Hutchinson: US Steel Project Positions Arkansas to Attract Automaker
Secretary of Commerce Mike Preston, left, looks on as Gov. Asa Hutchinson discusses U.S. Steel's plan to build a $3 billion mill in northeast Arkansas. (Scott Carroll)

Gov. Asa Hutchinson and Secretary of Commerce Mike Preston on Wednesday said a $3 billion U.S. Steel mill being built in Osceola will help advance the state's long-held goal to land a major automaker.

The mill, the largest economic development project in state history, will be capable of producing 3 million tons of high-end steel annually for auto manufacturers. 

"This puts us in a better position to say to the automobile industry, 'Locate in Arkansas. Put your next manufacturing facility here,'" Hutchinson told reporters.

Combined with U.S. Steel's Big River Steel mill in Osceola, the two plants form a mega mill capable of producing 6.3 million tons per year. Preston said automakers that are already buying from the company and looking to cut shipping costs might look harder at northeast Arkansas for their next facility. 

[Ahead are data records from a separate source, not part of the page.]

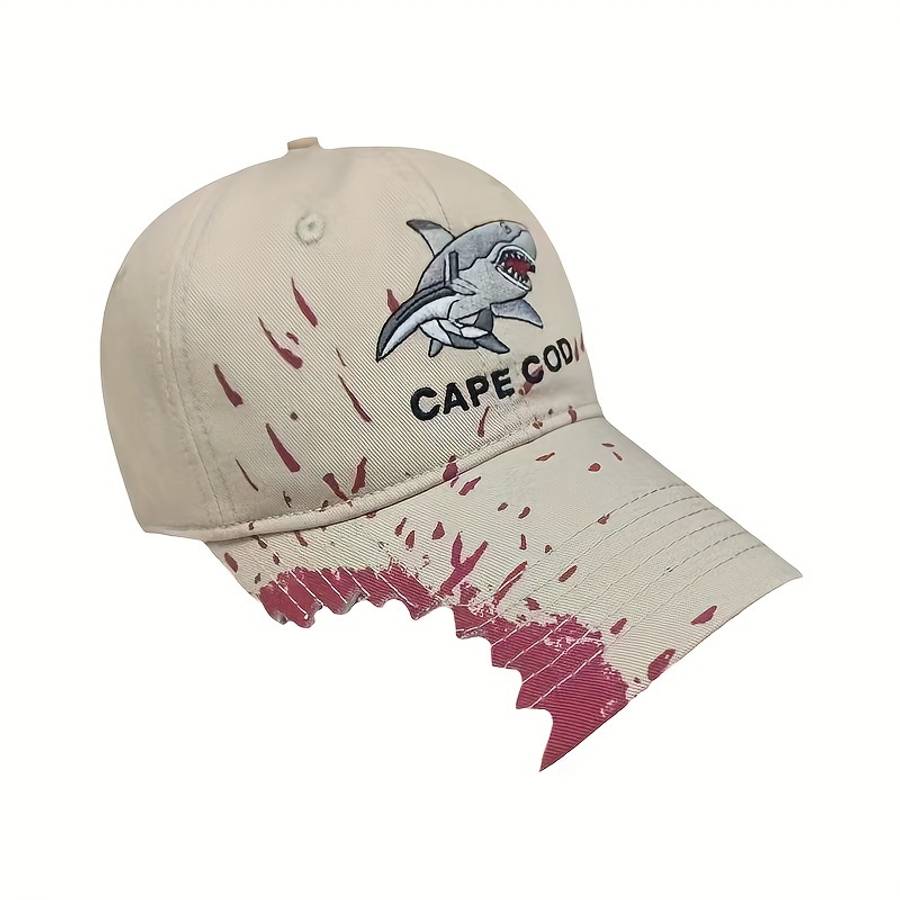 Cape Code Shark Baseball Cap Distressed Design With Shark Logo Breathable Cotton Perfect Fo
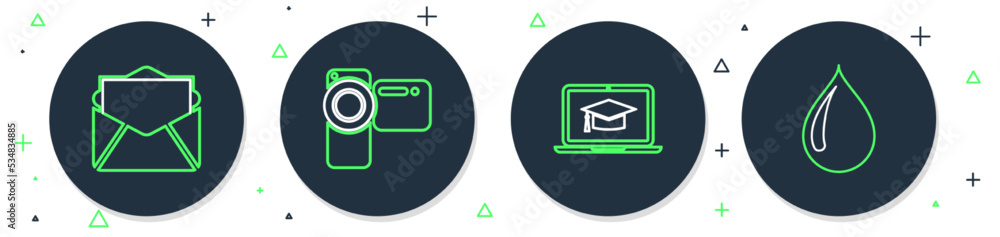 Set line Cinema camera, Graduation cap on laptop, Mail and e-mail and Water drop icon. Vector Set line Cinema camera, Graduation cap on laptop, Mail and e-mail and Water drop icon. Vector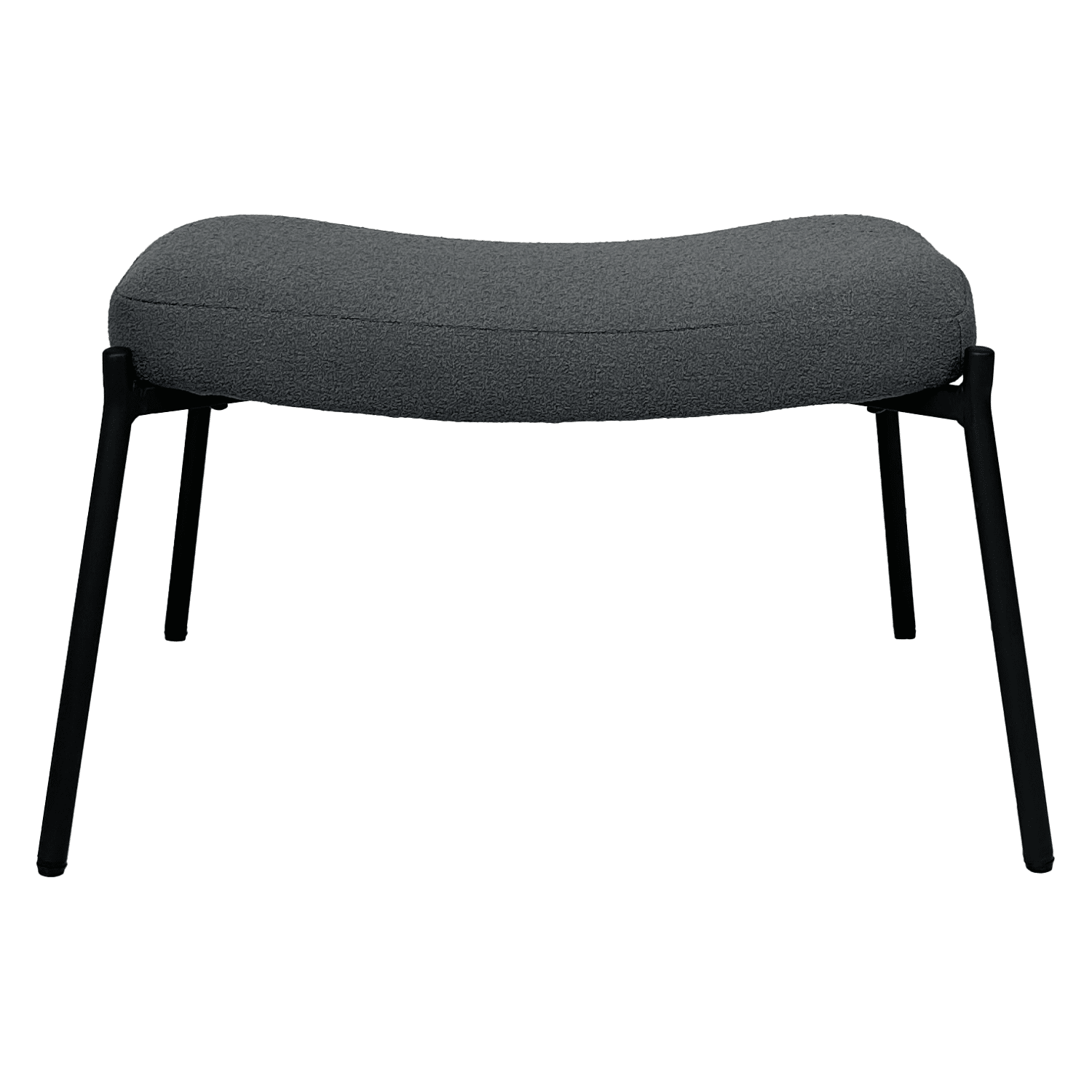 Sillón de tejido bouclé tela gris con reposapiés EIRA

He declined to say whether the state was actively pursuing an automaker.

"We're always looking for our next opportunity in the automobile industry and now's a good time to do that," Preston said. 

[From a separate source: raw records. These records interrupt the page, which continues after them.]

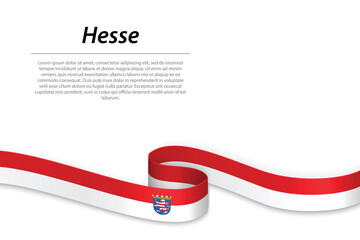 Waving ribbon or banner with flag of Hesse - obrazy, fototapety, plakaty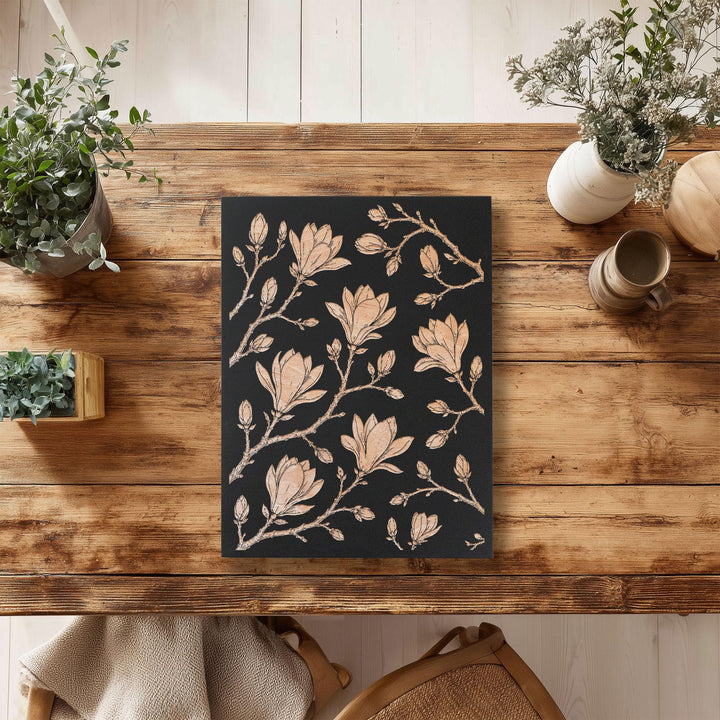 Japanese Magnolia Engraved Birch Art Panel
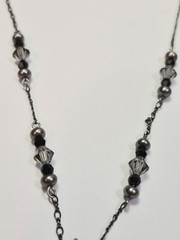 Vintage LIZ PALACIOS Necklace Dainty Crystal Pearl Black & Grey Delicate Signed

Last year, Arkansas landed a smaller automaker in electric vehicle startup Canoo Inc. The company announced that it was moving its headquarters to Bentonville and opening a low-volume production facility and research and development center in the region.

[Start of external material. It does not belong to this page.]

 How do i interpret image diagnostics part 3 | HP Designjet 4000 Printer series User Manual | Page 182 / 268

Improving the state's chances for big-name car manufacturer is just one of the secondary benefits of the mill. The Department of Commerce estimates that for each of the 700 direct positions created by the mill, nearly three more will be created in the supply chain. About 2,000 temporary construction jobs will be created.

Hutchinson pointed to other "intangible" benefits.

"It is the success, it is spurring the economy on in ways that you really can't measure ... and the fact that Arkansas is going to play such an integral role in American-produced steel is pretty exciting," he said. "It's one of those calling cards. And you think about national security issues — one of the challenges is the import of steel from across the globe. Well, the more we produce in Arkansas and here in the United States, it's an intangible. It helps our entire country."

The mill's direct and indirect jobs, 900 in total, will account for $95 million in annual payroll.

With an average salary above $100,000, Preston was not concerned about filling the positions in a competitive job market. Workers have historically come from around the region to work at the mills in northeast Arkansas, and Arkansas Northeastern College in Blytheville has helped grow the labor pool with its two-year steel technology program.

Mississippi County has also given workers a good reason to relocate. The county is offering to pay 10% of the cost of a new home up to $50,000 for employees at the new mill. The incentive is funded by a half-cent economic development tax that voters first approved in 2003.

"I think people are going to want to come to that market," Preston said. "You might have people traveling in (to work) for a time but ... ultimately we'd like to get them here in Arkansas and have them become a resident of the state."

U.S. Steel qualified for state incentives including the Tax Back program, which provides sales and use tax refunds on the purchase of building materials and taxable machinery, and Create Rebate, an annual cash rebate based on the number of jobs added by a company. 

Final terms of the incentives were still being negotiated but lawmakers have authorized up to $11 million in annual income tax credits for the company and $50 million from the Governor’s Quick Action Closing Fund to be used for infrastructure. Preston said part of the infrastructure funds will be used to build rail spurs to ensure U.S. Steel can transport scrap and finished material to docks on the Mississippi River. 

Preston said supply chain issues that have disrupted the economy aren't expected to affect U.S. Steel's timeline for the project. The company wants to begin building in the first quarter of 2022 instead of waiting for the supply chain to possibly tighten, or for inflation to rise. And with the passage of the President Joe Biden's infrastructure law, which includes billions in funding for electric and alternative fuel vehicles, U.S. Steel sees an immediate need for its product.

The mill is expected to be completed and fully operational by 2024. 

It set a goal for zero-carbon production by 2050, looking to build on Big River Steel's federal recognition for environmental sustainability efforts and energy efficiency performance. Big River was the first in the world to receive a Leadership in Energy and Environmental Design (LEED) certification.